Without that, you will hear this message today, and it will make
you gag. you'll be repulsed, because it
may be that in your mind, evil is still good, and good is still
evil. Maybe pleasing yourself might
be more powerful than pleasing God. We have to understand this
context. And then there's a third context
we need to understand, and that's the context surrounding verses
four and five. How are we to understand verses
four and five? What does the text say about
verses four and five right here? Well, look at verse one. Chapter
two, verse one. What is being said in chapter
two, verse two, all the way down to 2.10, Paul calls sound doctrine. That word sound means healthy.

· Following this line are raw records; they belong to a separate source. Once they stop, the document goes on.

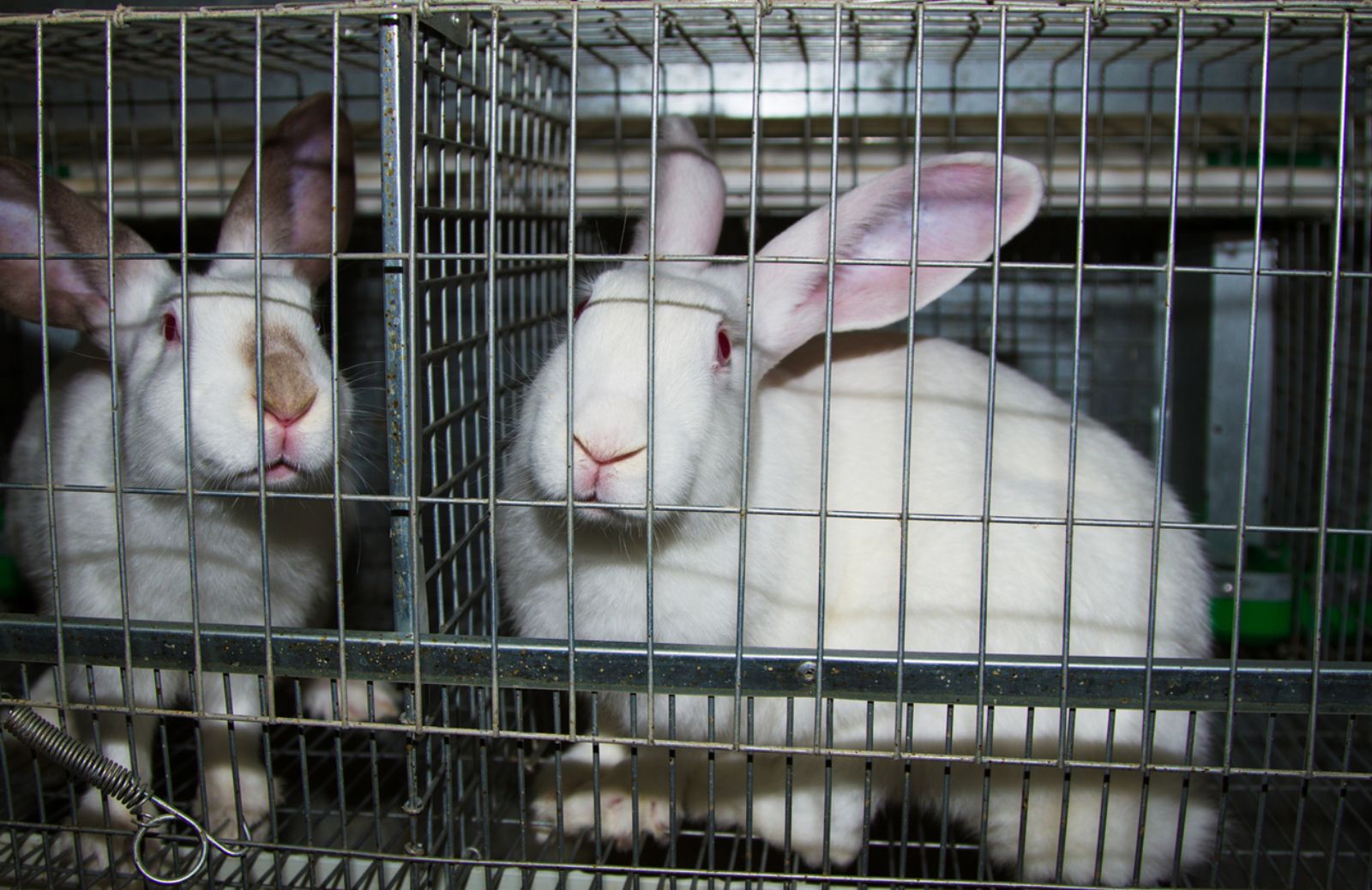 Cosa accade negli allevamenti di conigli in Italia 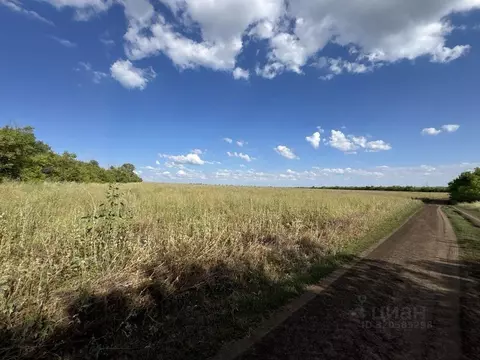 Участок в Оренбургская область, с. Сакмара  (28.0 сот.)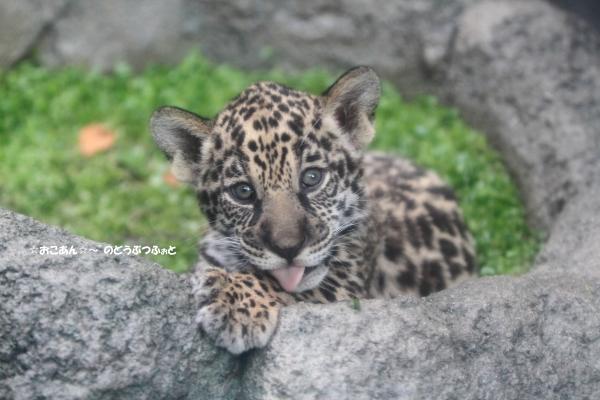 天王寺動物園のジャガー おこあん のどうぶつふぉと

So verses two all the way to verse 10, this is teaching that
is meant to make your life healthy and strong and whole. It's teaching
that shows that God's ways are best. His ways make your life
better. His ways make your relationships better. His ways let you thrive
when the culture around you is killing itself. Second, so not
only is verse four and five called healthy, but second in verse
three, verses four and five is called good. Good. This is the good that older women
are to teach younger women. Good means this word means beautiful,
advantageous, useful, giving a benefit. So so this this truth
in verses four and five is healthy and beautiful and beneficial
and good. And that's how God describes
versus four and five. The world describes versus four
and five is unhealthy, ugly and evil. So you will have to choose
what's it going to be? What's it going to be? And notice
verse 5. The reason that Titus wants the
older women to teach this to the younger women, he says, is
because, listen, if you embrace this truth, then the world that
will watch you and look at you, they will have nothing bad to
say about you because they will see your changed life and they'll
go, wow, that Jesus must be pretty amazing because look at what
he's done in your life. Look at how it's changed your
life. The way you're living is so much more healthy. It's so
much more beneficial. It's so much more beautiful than our
lives in rebellion. That's what it says there in
verse five. Do all of this that the word of God may not be reviled.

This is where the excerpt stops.